La première fois que j’ai reçu ce petit garçon âgé de huit ans et demi, amené en consultation par sa mère pour des angoisses, m’est venue l’image d’un oiseau tombé de son nid.
Le contraste est fort entre l’allure chétive de l’enfant et la corpulence de sa mère.
Pas un mot ne sort de la bouche de Sinan durant tout l’entretien. Il dessine très discrètement sur la table réservée aux enfants où se trouve le matériel (feuilles, crayons de couleur, feutres, pâte à modeler, figurines…) et jette des coups d’œil de temps en temps, restant résolument le dos tourné. Sa mère raconte les raisons de leur venue : il pleure pour un rien et ne peut jamais rester seul. Il est très angoissé à l’idée de se coucher, s’inquiète que toutes les portes et fenêtres aient bien été fermées. À l’école, il pleure sans bruit. D’emblée, sa mère me précise que s’en faire pour cet enfant-là, le dernier de la fratrie, est une constante pour elle, car, dès sa naissance, il a failli mourir. Il avait comme un trou dans le ventre et a été opéré en urgence.

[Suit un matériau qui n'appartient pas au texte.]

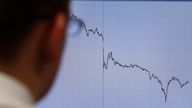 A trader poses in front of a screen on a trading floor in London January 22, 2010. The FTSE 100 was set on course for its biggest weekly fall in three months at midday on Friday, as U.S. president's plans to limit banking activities hit bank shares, while commodities fell on demand fears. REUTERS/Stefan Wermuth (BRITAIN - Tags: BUSINESS)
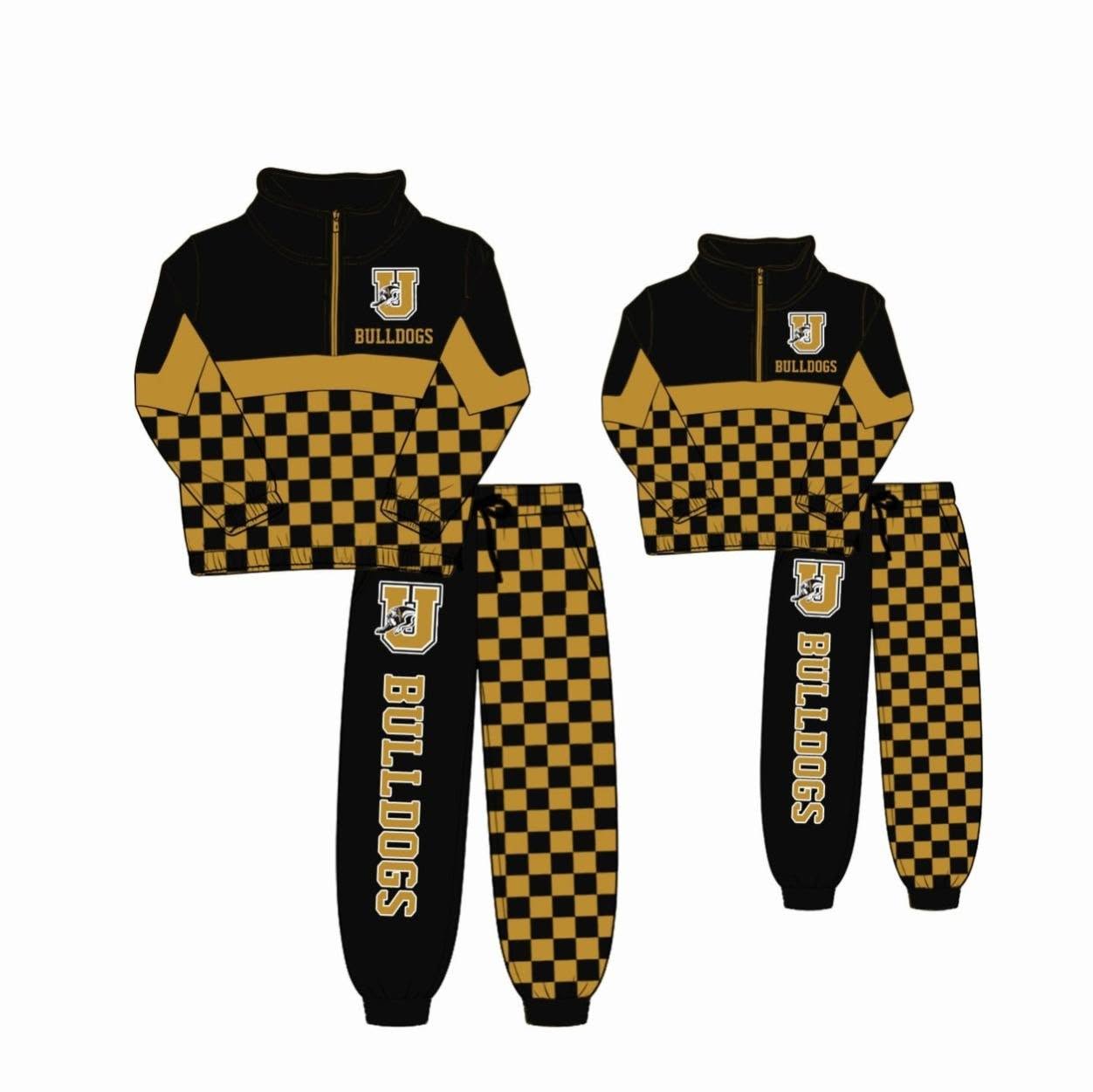 (Custom Design Preorder MOQ 5)  Teams BULLDOGS Print Kids & Adult Long Sleeve Zipper Top Pockets Joggers Pants Clothes Set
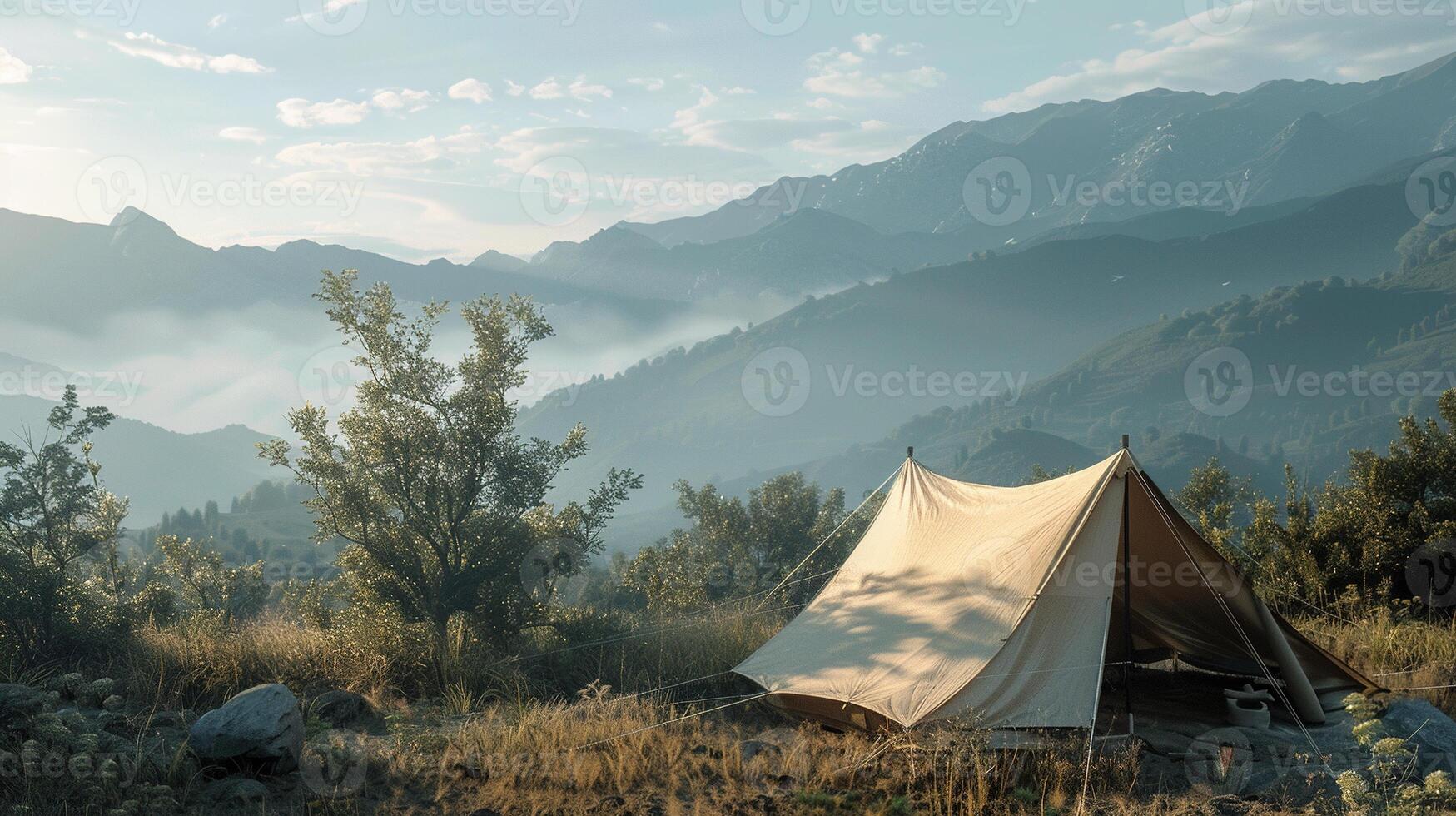 ai généré camp dans montagnes. tente, montagne, randonnée, randonnée, tourisme, voyage, nature, paysage, fond d'écran, arrière-plan, Extérieur, aventure, loisirs, vacances, randonnée, forêt photo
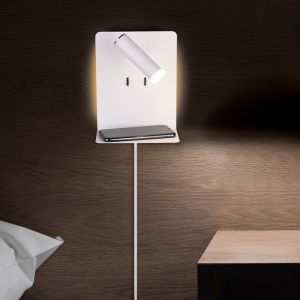 Applique da parete design bianca, Ricciolo, 3W, 3000K LED, con interruttore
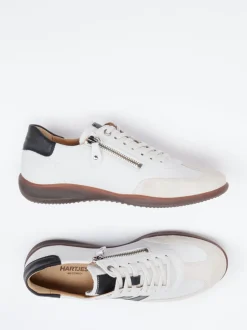 Hartjes – Sneaker aus Velours- und Glattleder Offwhite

Elle ne comprenait rien alors, on ne lui expliquait rien, sauf, un jour, la chirurgienne qui avait opéré son nouveau-né qui lui annonce brutalement qu’on avait ouvert le ventre de son bébé. L’hospitalisation a duré un temps durant lequel la mère ne savait pas, à chaque visite, si Sinan serait encore vivant à son arrivée. La maman pleure beaucoup lors de cette évocation, et Sinan, toujours dans le silence, regarde sa mère pleurer, comme intrigué.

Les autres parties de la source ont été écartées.